REPUBLIKA.CO.ID, Oleh: Ustaz Oni Sahroni
Dalam Alquran surah asy-Syams ayat 7-10, Allah SWT berfirman. Artinya, "Dan jiwa serta penyempurnaannya (ciptaan-Nya) (7) Maka Allah mengilhamkan kepada jiwa itu (jalan) kefasikan dan ketakwaannya. (8) Sesungguhnya beruntunglah orang yang menyucikan jiwa itu (9) Dan sesungguhnya merugilah orang yang mengotorinya (10)."
Ayat-ayat di atas telah memberikan tuntunan, setiap orang memiliki potensi untuk berbuat fasik (maksiat). Demikian pula, tiap insan berpotensi tertarik berbuat amal saleh.
Hanya orang-orang yang menyucikan diri itu yang bisa melakukan kebaikan dan amal saleh serta mengendalikan diri tidak bermaksiat. Tuntunan Ilahi (taujihilahi) di atas menyiratkan, individu dan pribadi adalah sumber masalah.

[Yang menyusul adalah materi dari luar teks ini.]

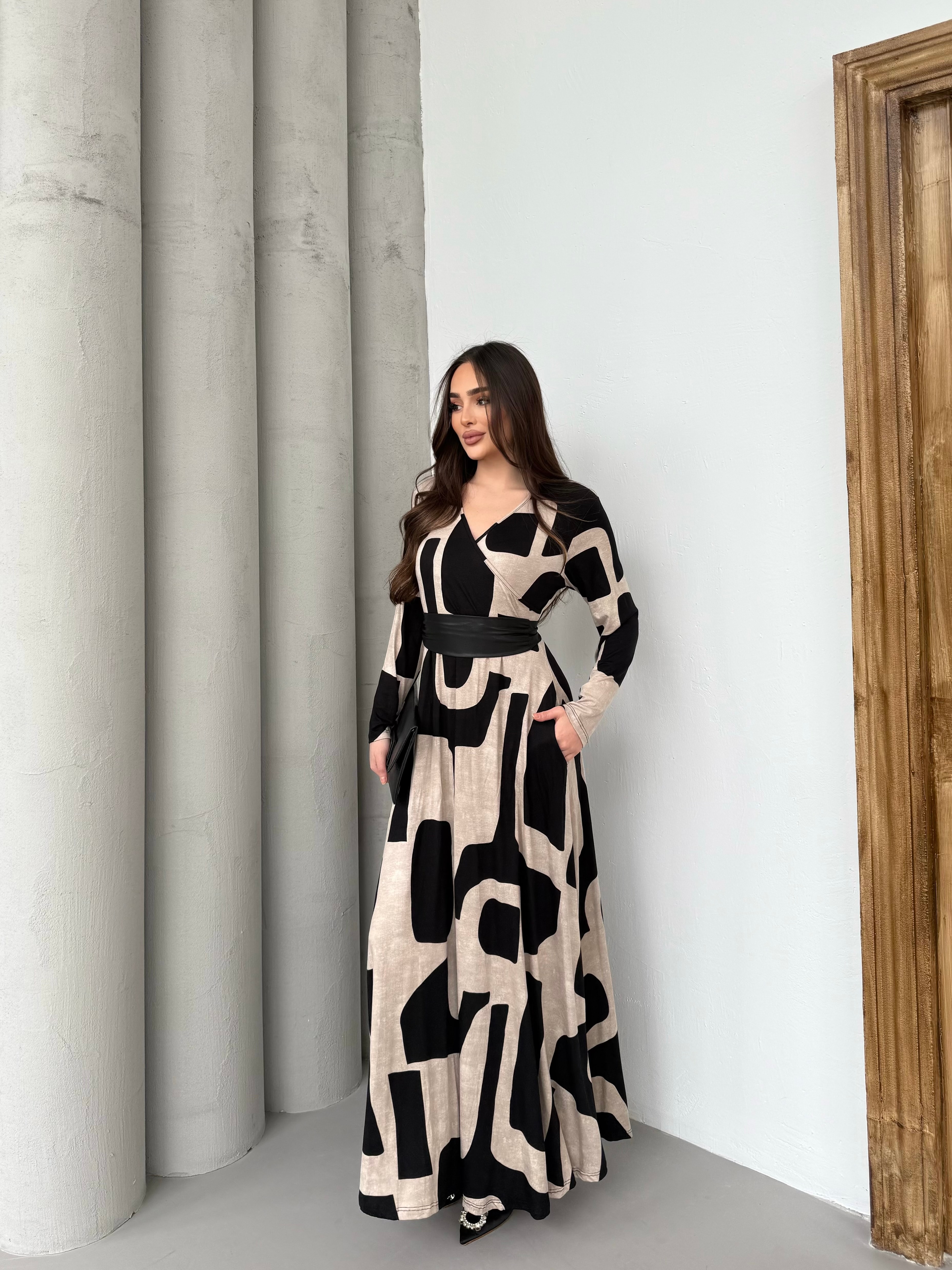 1028 Parçalı Kemerli Maxi Elbise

Ramadhan dapat menjadi momentum yang tepat untuk menguatkan faktor pengendalian diri pada setiap pribadi Muslim.
Allah SWT berfirman dalam surah al-Baqarah ayat 183. Artinya, "Hai orang-orang yang beriman, diwajibkan atas kamu berpuasa sebagaimana diwajibkan atas orang-orang sebelum kamu agar kamu bertakwa."

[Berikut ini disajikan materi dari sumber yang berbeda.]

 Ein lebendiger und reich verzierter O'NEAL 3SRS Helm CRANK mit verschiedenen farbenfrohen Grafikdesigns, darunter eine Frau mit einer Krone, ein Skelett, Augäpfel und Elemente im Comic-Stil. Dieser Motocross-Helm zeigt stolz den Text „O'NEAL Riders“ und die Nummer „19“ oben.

Firman-Nya itu menegaskan, tujuan disyariatkannya puasa ialah menumbuhkan ketakwaan pada diri setiap Muslim. Dengan takwa itu, seseorang dapat kian khusyuk beribadah mengharap ridha-Nya.
Ketakwaan yang dimaksud dalam ayat ini juga berarti kemampuan melaksanakan perintah Allah SWT dan meninggalkan larangan-Nya. Dengan kata lain, kemampuan mengendalikan diri untuk tidak melakukan dosa dan maksiat. Ketakwaan dalam arti itu sejalan dengan makna menyucikan diri, sebagaimana diisyaratkan dalam surah asy-Syams ayat 7-10 di atas.
Jika setiap pribadi Muslim telah berpuasa dengan benar: mengikuti syarat, rukun, dan adab-adab berpuasa, ia telah berikhtiar meraih ketakwaan.
Dan pada saat yang sama telah mengikis masalah yang timbul pada diri, keluarga, masyarakat, dan bangsanya. Alhamdulillah.